Amitabh Bachchan was the ruling God and you were called “the poor man’s Amitabh” and you didn’t mind because you genuinely believed that Amitabh was “the guru”, “the Bhagwan of acting”. You were in a state of endless ecstacy, elation, excitement. You were called names like “purple hero” (that was the name Raj Kapoor gave you when he considered you for a role) and other nasty names by people who couldn’t believe your strange success story but you couldn’t care less. You didn’t have the time to mind. You didn’t have the mind to mind. You had to mind and mend many more important things.

Remember the year 1986 when you were declared the highest individual tax payer in the country? It was an honour. A man who had no money for his next meal at one time had reached this formidable financial status...

That, I think, was the last good thing that happened to you in Mumbai, the city which gave you more than what you expected. What followed was something you will never like to remember but you will have to because they were shocks no ordinary man can ever forget. I remember, I vividly remember how you had twenty-two releases in one year, 1988 and all of them without a single exception were miserable flops. This was the kind of punishment God’s good man like you didn’t dream about but then you can’t question God’s plans because you never know why He is doing what He is doing. He was doing it to you because He was in a mood to change your life. And then God’s plans for Mithun Chakraborty started taking shape...

Mithun felt insecure in Mumbai. He was not sure if his career was going to take a good turn, right turn. He was surprised when a voice from within screamed Bhaag jaao, bhaag jaao, Mumbai ab tumhare liye nahin hain, Mumbai ab tumhare liye kuch nahin karegi. Mithun’s faith in the voice grew stronger and one day he decided to leave Mumbai for good. It would take time but it was time to leave Mumbai come what may. He talked to his wife, Yogeeta and she was game. She was happy. She consented to let him do what his inner voice ordered him.

Mithun took his first major step when he was shooting for Phool Aur Angaar at a height of 6760 feet above sea level in Ooty. He slowly started work on his dream hotel. He put all the money that he had into the building of his hotel. He worked harder in the films that he still had on hand. He gathered a group of faithful friends and advisers around him. He sought help from various government sources and he was surprised and grateful to see that there were people who were willing to go out of their way s to help. Mithun spent almost all his time in Ooty. He sold everything, all the property that he had in Mumbai and shifted to a small home attached to the dream hotel he was building. He himself worked like a labourer when there was need and the first few rooms of his hotel were ready within no time. Then some more rooms came up and Mithun sat and watched his glorious dream come true. There was a long way to go but Mithun was prepared to wait. Great dreams always take their own time, he knew.

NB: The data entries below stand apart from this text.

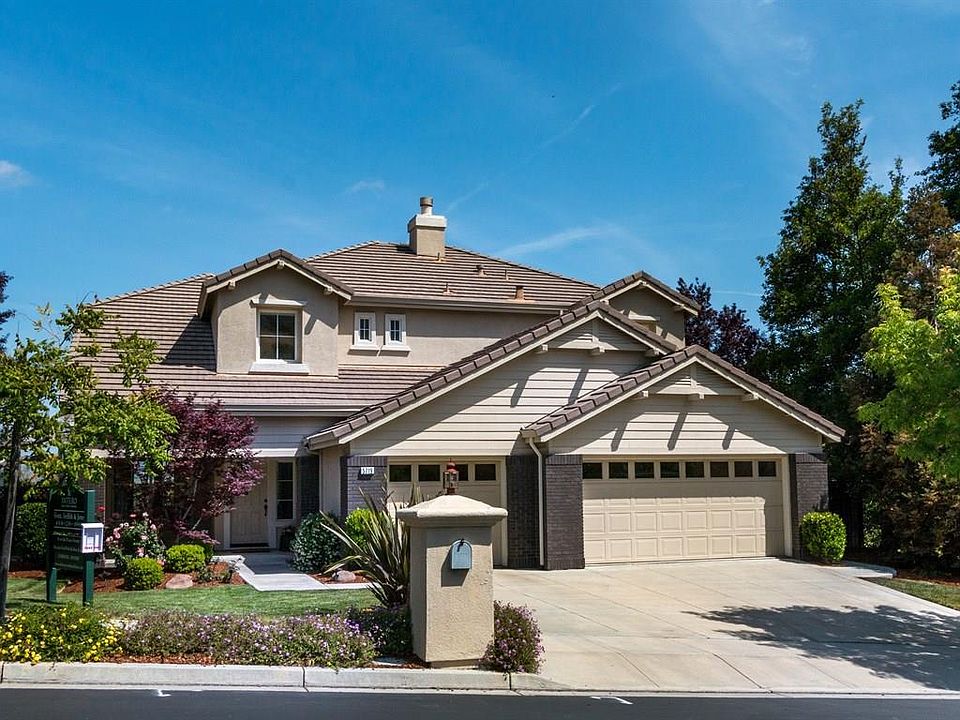 1st image of 5719 Capilano Dr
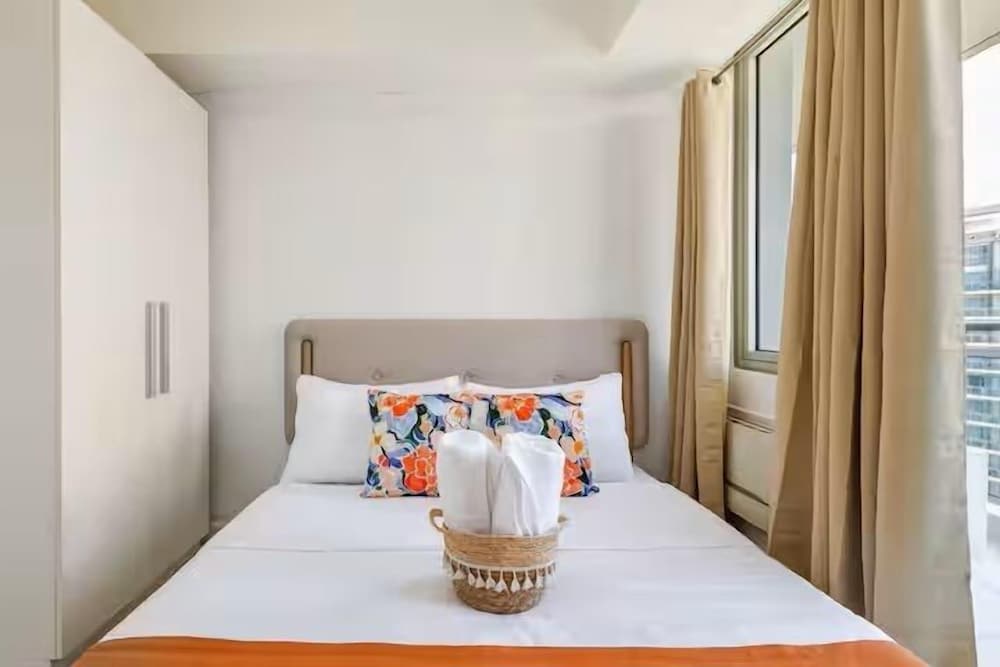 Family Apartment, 2 Bedrooms, Beach View, Beachfront photo 2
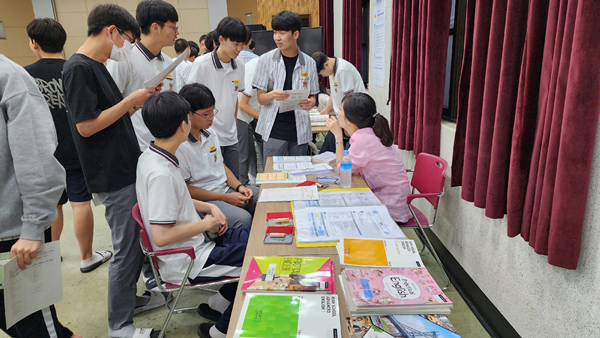 교육과정 박람회’ 선택 과목 교과별 상담 활동 모습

Soon word about his hotel spread in Mumbai. He also made it clear to filmmakers in the city that he was willing to act in films provided their films are entirely shot in Ooty and other places in the South, any place but Mumbai. Some filmmakers reluctantly decided to take the risk. They made films with Mithun wherever he wanted. They patronised his hotel, now called ‘The Monarch’. The films they made with Mithun did well at the box-office and soon something amazing happened. Mithun was a market by himself. He formulated his own plan. He decided to work with directors without any fanfare, any nakhras. He planned films where no big money, no big risks were involved. He was responsible for an umpteen number of new girls getting their breaks as his leading ladies. According to one rough estimate Mithun is the only hero who has never objected to casting any girl as his heroine. He has worked with more than twenty-five new girls, including Madhuri Dixit.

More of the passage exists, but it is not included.